When two Melbourne businessmen forked out nearly $22m sight unseen for a Byron Bay beach house, agents knew the market was finally turning at the upper end.

Sydney agent Ben Stewart at 147 Kurraba Point Road. Picture: John Feder
Sydney agent Ben Stewart at 147 Kurraba Point Road. Picture: John Feder

When two Melbourne businessmen forked out nearly $22m sight unseen for a beach house on Byron Bay’s trendy Wategos Beach on the far-north NSW coast recently, upscale agents knew the market was finally turning at the upper end.

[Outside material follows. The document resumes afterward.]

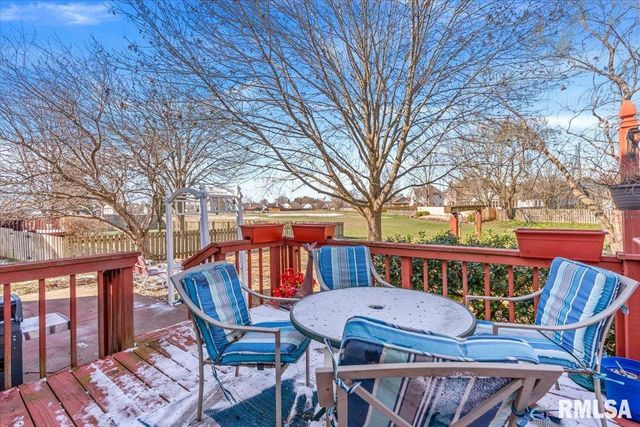 3813 Brandonshire Drive, Springfield, IL 62704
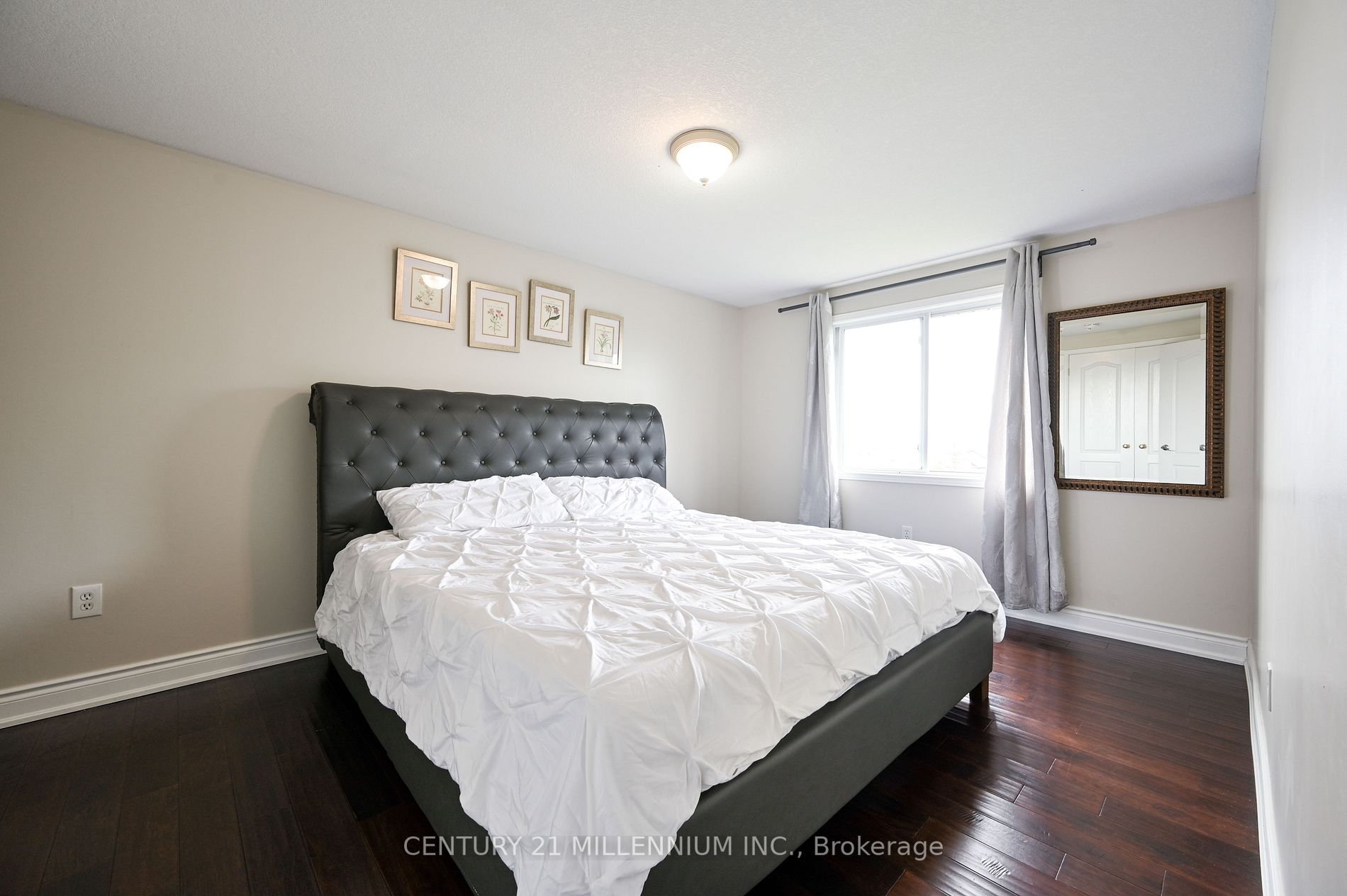 128 Benjamin Crescent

Real estate agents reckon when the mandatory 14-day hotel quarantine for expats ends it will further power the nation’s luxury real estate sector as cashed-up ­returning Australians clamour for properties priced above $15m.

“Once they drop the 14-day hotel quarantine you will see a lot of expats and foreigners coming to Australia looking for property,” said Christie’s International Realty agent Ken Jacobs.

“Obviously Sydney’s eastern suburbs is the priority area, along with the North Shore and Northern Beaches, but prime regional areas are also on the radar.”

Although stock levels are down on this time last year, there are still plenty of big-ticket mansions and estates on the market as vendors look to capitalise on the groundswell of buyer appetite in the low-interest-rate environment.

In Sydney, Mr Jacobs continues to market the Boyd mansion atop the ANZ tower at an asking price of $66m, as well as the waterfront home of Garrick Hawkins at 21 Coolong Road, Vaucluse in Sydney’s Eastern Suburbs, which has a $55m price tag.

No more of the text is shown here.